▸ **What is needed**:
Reproduce exactly the lines from the start of the records through the line containing "(Foto: AFP) Kreuzträger", both included. Leave the pictures out.

▸ **Extracted information**:
= Beginning of Section =
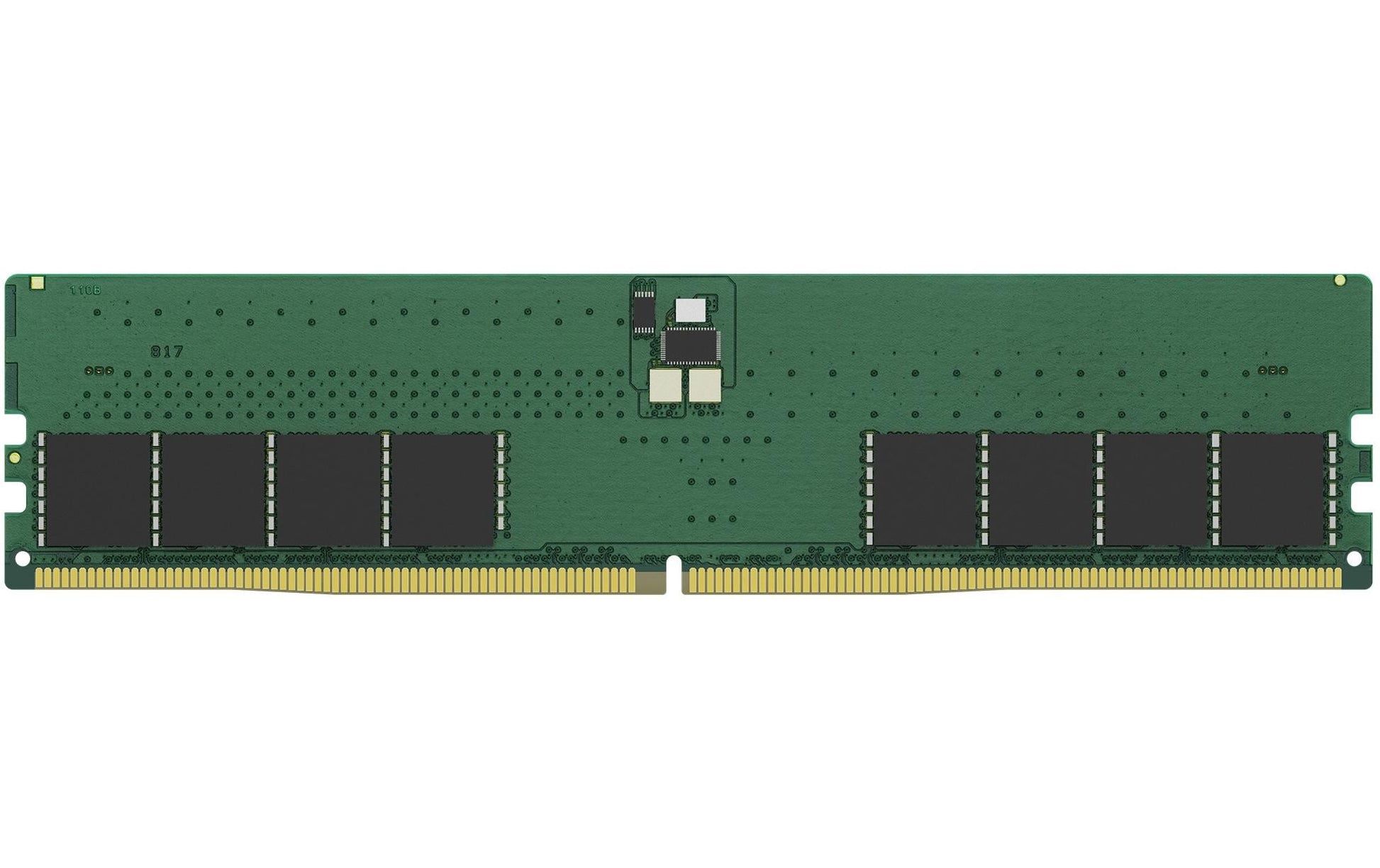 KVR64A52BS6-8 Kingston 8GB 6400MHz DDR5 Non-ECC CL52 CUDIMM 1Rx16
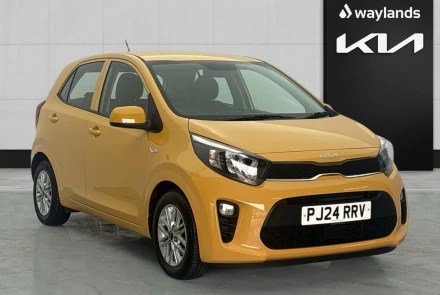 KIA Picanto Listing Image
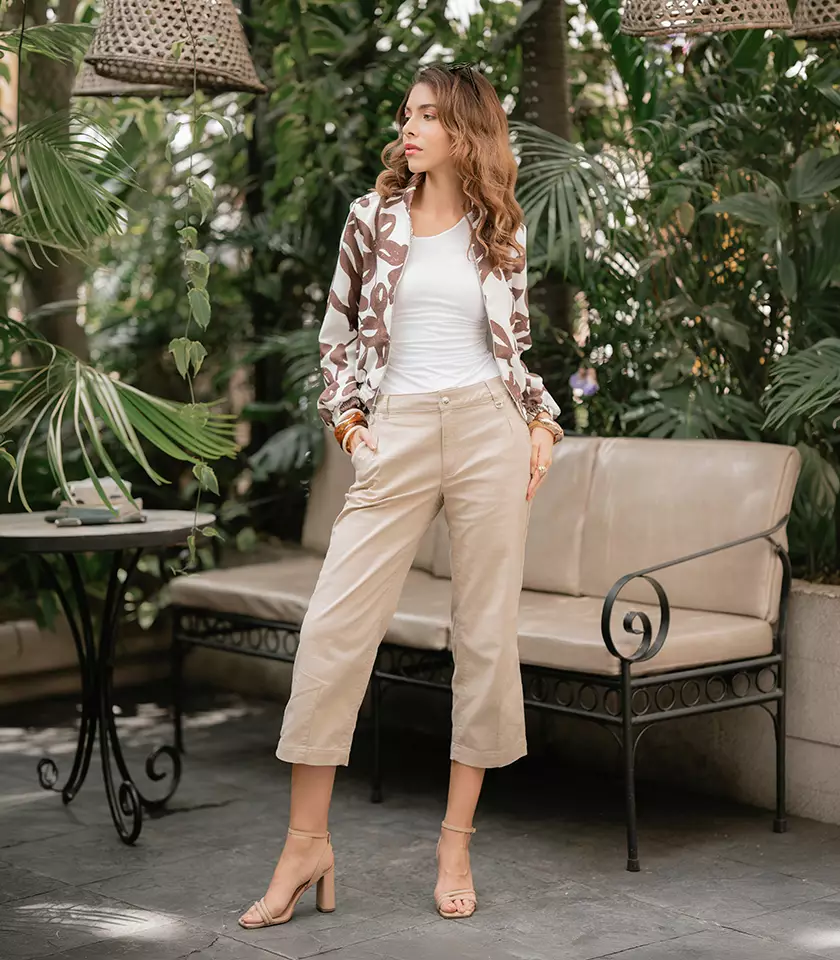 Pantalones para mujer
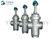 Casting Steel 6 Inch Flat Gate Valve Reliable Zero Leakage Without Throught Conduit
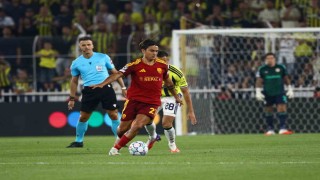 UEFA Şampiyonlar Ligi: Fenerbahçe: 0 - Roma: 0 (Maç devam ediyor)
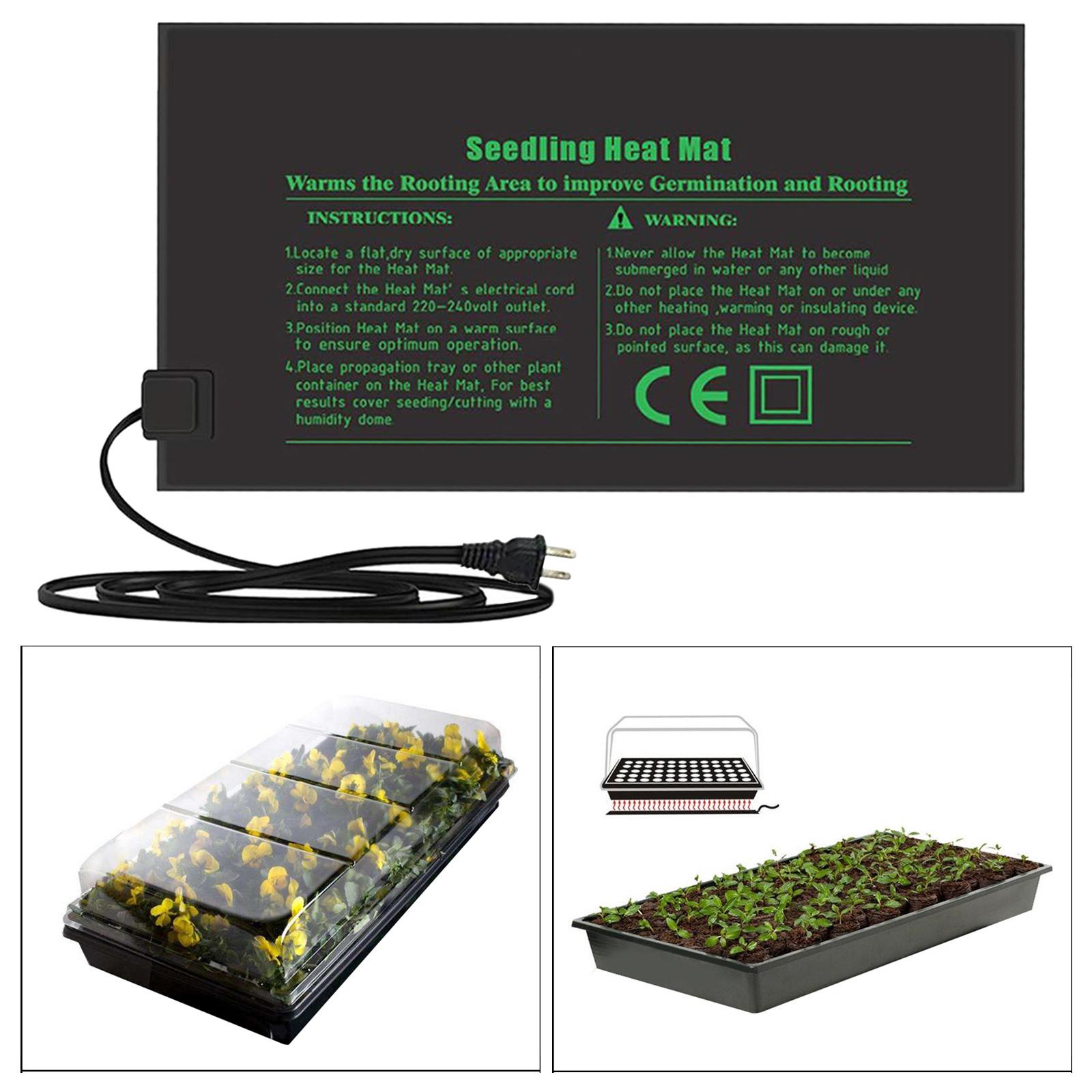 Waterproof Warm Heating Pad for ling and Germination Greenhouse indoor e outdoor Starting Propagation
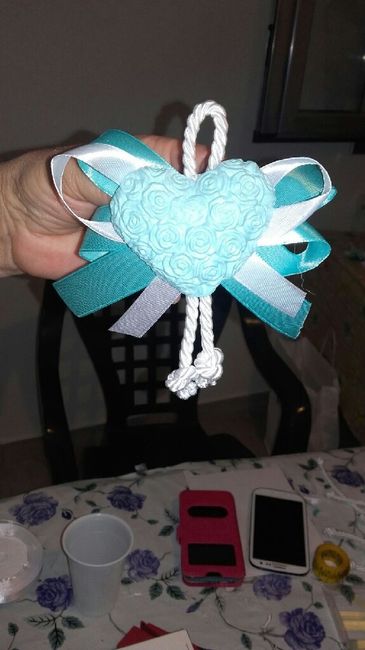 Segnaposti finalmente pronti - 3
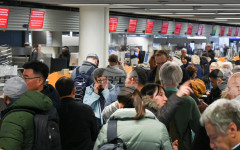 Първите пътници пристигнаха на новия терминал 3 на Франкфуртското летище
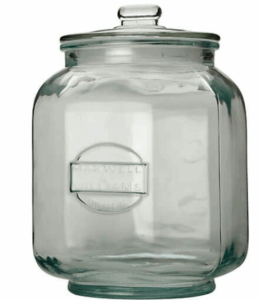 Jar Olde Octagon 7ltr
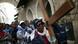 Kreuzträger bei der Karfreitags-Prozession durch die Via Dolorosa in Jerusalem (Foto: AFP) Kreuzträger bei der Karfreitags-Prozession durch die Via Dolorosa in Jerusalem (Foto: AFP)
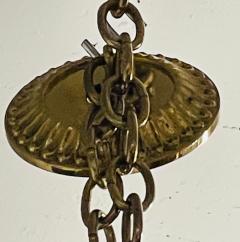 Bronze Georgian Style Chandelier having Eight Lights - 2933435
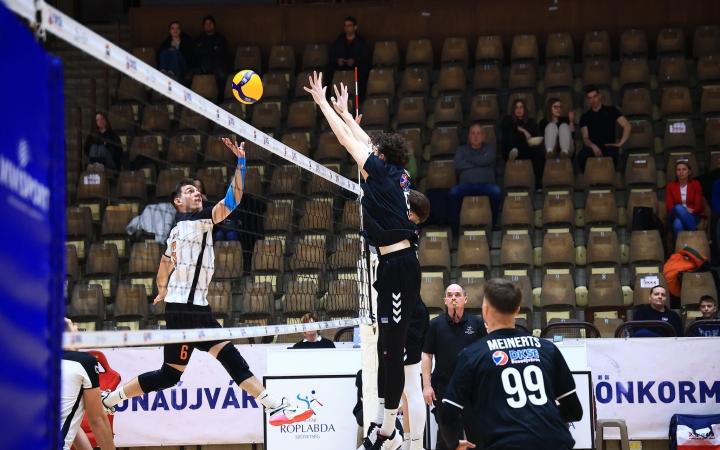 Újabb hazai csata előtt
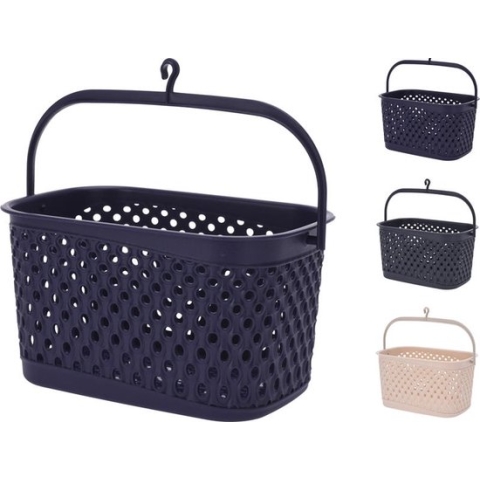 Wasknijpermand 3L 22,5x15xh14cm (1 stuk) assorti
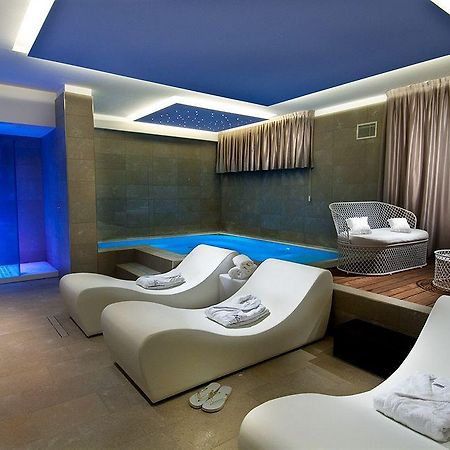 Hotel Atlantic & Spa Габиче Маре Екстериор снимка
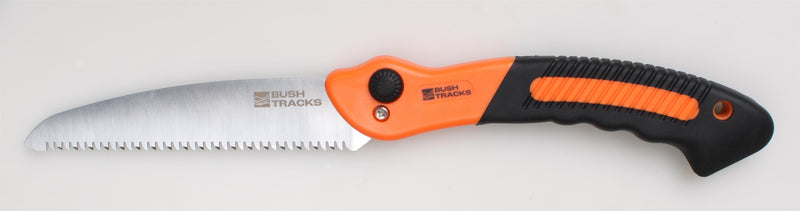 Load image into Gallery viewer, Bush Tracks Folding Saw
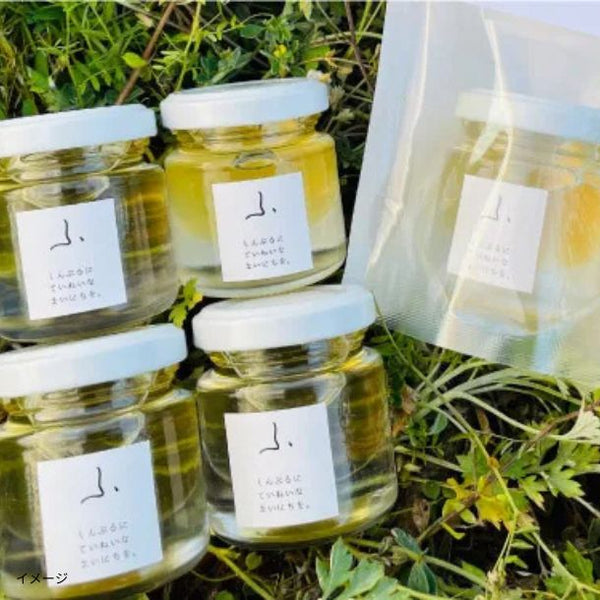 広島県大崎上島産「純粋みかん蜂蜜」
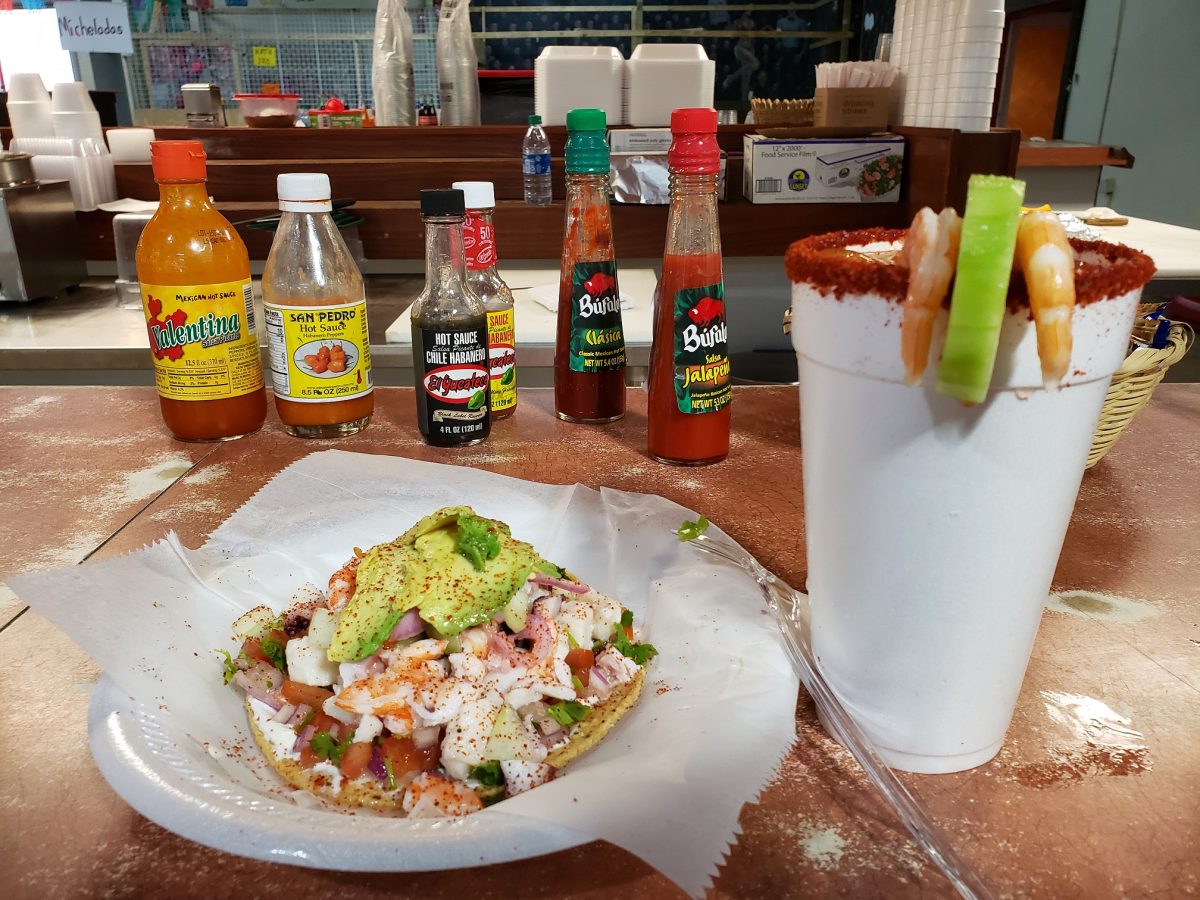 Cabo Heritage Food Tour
= End of Section =
▸ **Task result**:
 KVR64A52BS6-8 Kingston 8GB 6400MHz DDR5 Non-ECC CL52 CUDIMM 1Rx16
 KIA Picanto Listing Image
 Pantalones para mujer
 Casting Steel 6 Inch Flat Gate Valve Reliable Zero Leakage Without Throught Conduit
 UEFA Şampiyonlar Ligi: Fenerbahçe: 0 - Roma: 0 (Maç devam ediyor)
 Waterproof Warm Heating Pad for ling and Germination Greenhouse indoor e outdoor Starting Propagation
 Segnaposti finalmente pronti - 3
 Първите пътници пристигнаха на новия терминал 3 на Франкфуртското летище
 Jar Olde Octagon 7ltr
 Kreuzträger bei der Karfreitags-Prozession durch die Via Dolorosa in Jerusalem (Foto: AFP) Kreuzträger bei der Karfreitags-Prozession durch die Via Dolorosa in Jerusalem (Foto: AFP)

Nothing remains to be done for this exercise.